(Meu Querido Opressor)
- by Seo Sahee -
14
Depois de encarar o cartão de visitas por um tempo, Heiner, surpreendentemente, não teve nenhuma reação específica. Ele simplesmente o guardou no bolso da calça. Um silêncio constrangedor se instalou. Annette, que estava mexendo na xícara de chá, falou hesitante.
"É do Ans."
As mãos de Heiner, que estavam colocando os pertences dela de volta na bolsa, pararam por um instante. Ele fechou a bolsa com um movimento natural, como se nada tivesse acontecido, e ergueu a cabeça.
"Se eu for com ele..."
Fechando os olhos, Annette continuou a falar.
"Seria melhor para mim? Não estou dizendo que vou embora. Só quero saber sua opinião.”
"Não sei que resposta você quer ouvir."
"Existe algum movimento de Restauração na França?"
Os olhos de Heiner se estreitaram ligeiramente diante da pergunta direta.
“Heiner, você sabe, não é?”
“Ansgar Stetter disse isso? Que existem movimentos pela restauração da monarquia na França e que você deveria se juntar a elas?
“Não, eu é que estou dizendo. Ansgar só disse que gostaria que eu fosse com ele.”
“Se você pensa assim, por que está me perguntando?”

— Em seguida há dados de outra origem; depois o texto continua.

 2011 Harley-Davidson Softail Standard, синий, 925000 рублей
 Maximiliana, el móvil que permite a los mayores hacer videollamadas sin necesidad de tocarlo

“Só estou dizendo. Não tenho nada a esconder de você e não vou seguir Ansgar secretamente.”
O tom da sua voz afirmava sua inocência, mas não demonstrava desespero. O rosto de Heiner, ao ouvir essas palavras, não revelou nenhuma emoção.
“Quem sabe.”
Ele cuspiu as palavras sem nenhum tato, como se estivesse pensando em algo.
"No passado, Ansgar Stetter gostava de você, e agora ele está solteiro. E se, como você acredita, realmente houver um movimento de restauração da monarquia na França, eles te tratarão bem. Mas não posso garantir já que sua reputação na Padânia é péssima, então eles podem achar que não há nenhuma utilidade para você.”
Heiner fez uma pausa e sorriu friamente
"Você disse que não há nenhum lugar onde possa ser feliz, mas pelo menos encontrou um lugar que vai te aceitar. Mesmo achando que no fim tudo será inútil mesmo.”
"Como eu disse, eu não vou embora com o Ansgar. E meu palpite pode estar errado. No entanto..."
Annette continuou em tom cauteloso.
"Só para o caso de você não saber... eu queria te informar sobre a possibilidade de movimento de restauração… claro, talvez você já saiba mas…”
“Você não vai ganhar nada me dizendo isso.”
Os olhos cinzentos, como os de um delator, deslizaram lentamente pelo corpo dela, para depois voltarem a subir. As pontas do cabelo dele, contra a luz, pareciam amarelo-pálido.
Annette riu amargamente.
"Pensei que você estivesse tentando tornar o mundo um lugar melhor."
O mundo era agora um lugar melhor do que antes? Annette não conseguia sentir. O novo mundo era cruel demais com ela.
Mas as pessoas diziam que o mundo agora era um lugar muito melhor e que melhoraria ainda mais. Se for esse o caso, então deve ser verdade. Ela não é sábia, é uma mulher tola. Ela nunca julgou, e mesmo que julgasse agora, estaria errada.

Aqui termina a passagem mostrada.